When all the kids are enjoying chocolate at Easter morning, it's the perfect time to introduce Leroy, your new boyfriend.
Entertain the kids by showing them how mommy can peel an Easter egg without using her hands.
Make screaming noises whenever someone bites the head off a Peep.
You can wear white after Easter. Recruit the whole family to do experiments to make sure your tampon is up to the task.
Discuss with your family the homoerotic qualities of the name "Peter Cottontail."
Boil and dye a fertilized egg. Then crack it open and take photos of the children's joy. Then put them on Facebook.
For Easter, tell the family the story of how the giant bunny fell down Alice's hole.
Jesus' mom was one of the first ones to suspect that someone robbed her Son's grave & did terrible things to His corpse. Discuss.
Have the Easter bunny invite all the kids' moms to sit on his lap. Then have the kids do it and explain the "egg” in his pants.
Coloring eggs is fun, but once you’ve colored one, it’s just a repeat. Discover what else you can color. Add some dye to the toilet bowl.
Tell the tale of how if Jesus sees his shadow on Easter, then it’s six more weeks of Lent.

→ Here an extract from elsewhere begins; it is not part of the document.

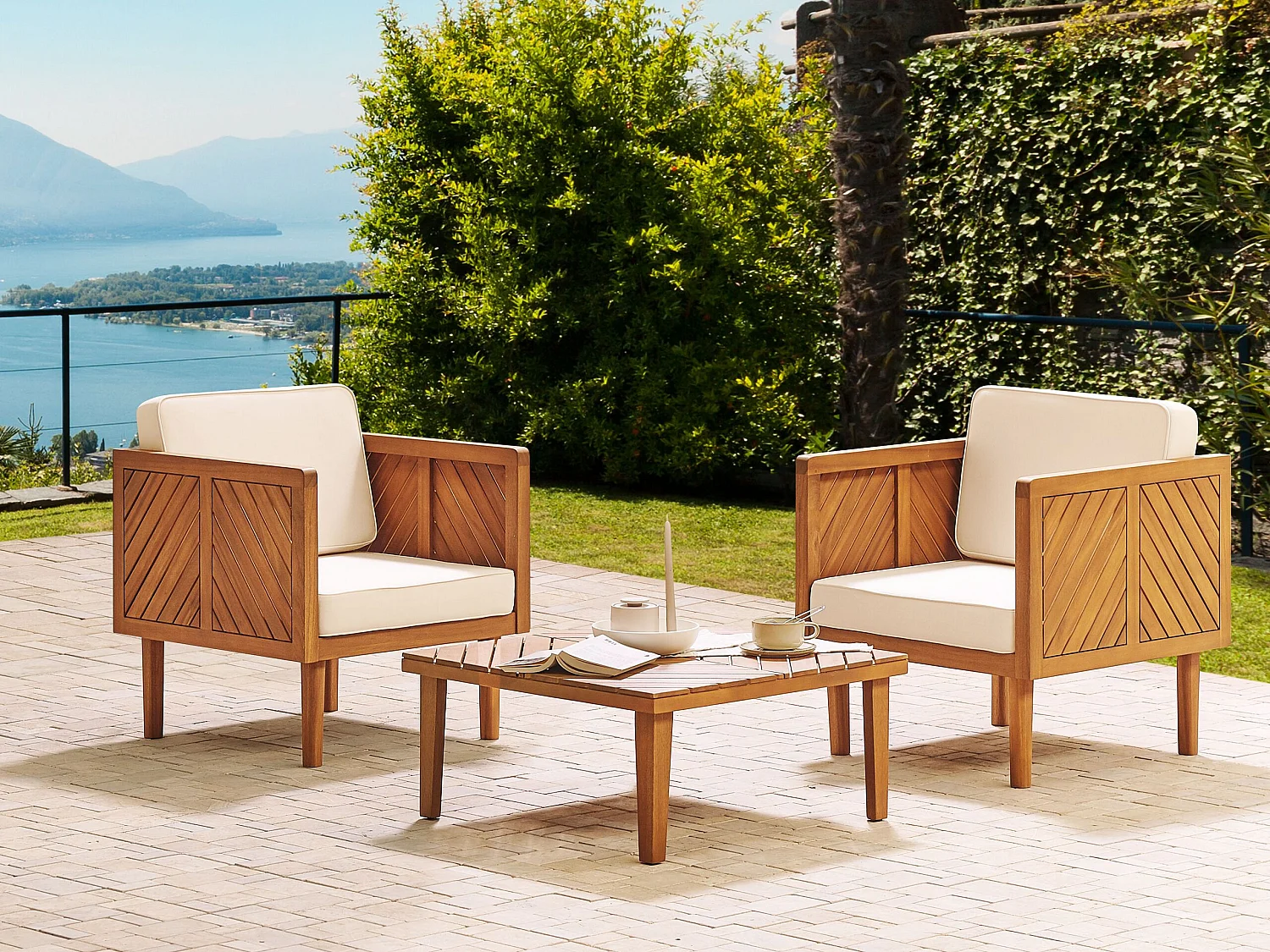 Bistro Set inkl. Kissen BARATTI Holz Braun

Instead of ham or fried chicken or whatever you usually have for Easter, make a delicious rabbit stew.
Hide your Easter eggs on ant hills. If you live in the south, fire ant hills. Enjoy the children’s screams of happiness.
Go to Communion by hopping up the church aisle and sing the Peter Cottontail song in appropriate lounge-lizard vocal style.
Instead of getting the kids a live bunny as an Easter gift, get them one that’s already skinned & cleaned. Encourage them to elaborate on why this is better.
Bite the ears & tail off the chocolate rabbits, and carefully re-wrap them before putting them in the Easter baskets. See what animals the kids decide they are.
Put insulin and syringes in the Easter baskets. Watch the fun as the kids inject each other. Then after your fun-filled day of activities, enjoy the silence as they lapse into an insulin coma.